暗記にはコツがある。コスパよく覚えよう! という趣旨の記を書きました。

flat-and-flat.com

その中でも繰り返しが重要と書いています。その繰り替えす方法についてです。

で、要点は目次に書くようにしたので、目次だけでも見てってください。

暗記のために繰り返す具体的方法

最初に結論である実施案です。(理由は後回し。)

  • 過去問を通じて覚えていく

ということを前提に(理由はこちらの記事にて。)、以下のルールを設けます。

  • 新規の問題・情報は翌日もう一度やる
  • 翌日以降は復習(もう一度やること)を優先し、残りの時間は新規の問題に取り組む
  • 間違えた問題・覚えにくい事項は付箋を貼って繰り返し回数を増やす

なお、オススメしているこちらの書籍には、過去問が180問掲載されています。今回はこちらを実施する前提で話を進めます。

このルールに則って、以下の順序で学習を進めます。

  1. 一日目は、「新規の問題をできるところまで」進めます。
  2. 二日目は、「昨日と同じ問題」 + 「新規の問題をできるところまで」進めます。「昨日の問題」で覚えられていなかった問題には付箋を付けます
  3. 三日目は、「昨日と同じ問題」 + 「付箋の付いた問題」 + 「新規の問題をできるところまで」進めます。覚えられていたら付箋は外します
  4. 四日目以降は同じ事の繰り返しです。
  5. 180問すべてが終わったら、1問目から繰り返します。覚えていない問題に付箋をつけるのは同じですので、「付箋の付いた問題」 + 「続きの問題をできるところまで」進めることになります。(ここからは「昨日と同じ問題」はやらなくてよい。)
  6. その180問を終えたらまた1問目から繰り返します。これは試験日まで続けます。

繰り返して暗記する方法
繰り返して暗記する方法

5.の、180問がすべて終わったタイミングで、最低2回はやっていることになります。覚えにくい事項は3回以上繰り返しています。
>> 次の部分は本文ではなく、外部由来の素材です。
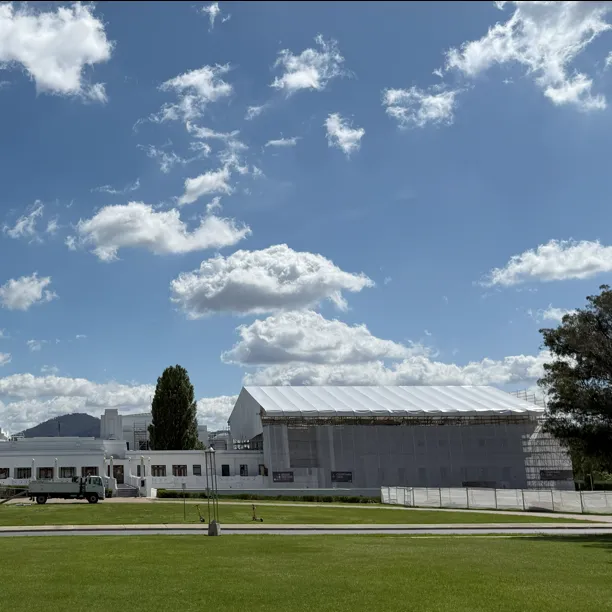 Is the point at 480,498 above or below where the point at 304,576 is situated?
below

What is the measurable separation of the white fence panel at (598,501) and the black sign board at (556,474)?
38.6 m

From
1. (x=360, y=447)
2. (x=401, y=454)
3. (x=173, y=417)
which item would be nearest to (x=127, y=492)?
(x=173, y=417)

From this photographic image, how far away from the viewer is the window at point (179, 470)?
73.1 metres

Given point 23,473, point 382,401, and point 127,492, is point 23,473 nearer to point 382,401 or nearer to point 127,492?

覚えにくい箇所の繰り返し回数は、付箋を利用して増やしています。

上記のように一定の手順をルーティン化して進めることを、私としてはオススメします。というのは、ルールを決めちゃえば考える必要がなくなるので楽だからです。

5.にたどり着くまでの時間は人それぞれでしょうし、やりやすいようにアレンジしていただくのも良いと思います。ですが、その場合は以降に書いた、なぜこのような実施案になったのか理由を読んでいただきたいです。理由を知った上でアレンジすることをオススメします。

ということで、以降、この方法の理由の説明になります。

基本戦略は繰り返し!

毎日見ていると嫌でも覚えます。地元の駅の路線図、隣の駅、隣の隣の駅、覚えています。したがって、覚えるための基本戦略は繰り返すことです。当たり前じゃん、ですが、この当たり前を利用します。

しかしながら、電気工事士の試験範囲は広く、すべてを毎日見るなんて現実的ではありません。

そこで、それなりにいい感じで繰り返すことができる戦略を立てます。

繰り返して忘れる間隔を長くする

今、何か覚えたとします。

1時間後には半分忘れます。

明日には7割忘れます。

・・・

なので! 忘れる頃にもう一度覚えるのです。この忘れかけにもう一度覚えるのが良いタイミングであると言われています。

そして、この忘れる間隔は、繰り返し覚えることで長くなっていきます。徐々に楽になていきます。

これがキホンです。

間違っても、一回で覚え切ると考えてはいけません。人間の脳はそういうことができるようになってないのです。一回の強度をあげるよりも、弱くても複数回見る方が効果的であることが知られています。

繰り返して忘れる間隔を長くしましょう。最低でも試験日まで覚えていればOKです。

繰り返すたびに労力は減る

また、最初に覚えるのは大変ですが、2回目、3回目と回数が増えると苦労は減ります。

勉強は段々楽になっていきます。

間隔は長くなるし、勉強の労力も減っていきます。ですので、希望を持ってポジティブに取り組むと良いと思います。

忘れかけのタイミングで複数する

じゃあ、具体的な忘れるタイミングとは? いつ覚え直せばよいのでしょう?

「忘却曲線」という根拠

「忘却曲線」という有名なお話があります。その説明は省きます。読まなくても大丈夫ですが、わかりやすそうな記事を一応紹介しておきます。

ryugaku-kuchikomi.com

人が物事をいつ忘れるのか、それを実験してグラフ化したよって話です。

この記事に書かれている知ってもらいたい要点だけ引用します。

まず、学習した後24時間以内に10分間の復習をすると、記憶率は100%に戻ります。そして、ここからが素晴らしいのですが、次回の復習は1週間以内に、たった5分すれば記憶がよみがえるのです。そして、次は1か月以内に2~4分復習すれば、また記憶は復活するのです。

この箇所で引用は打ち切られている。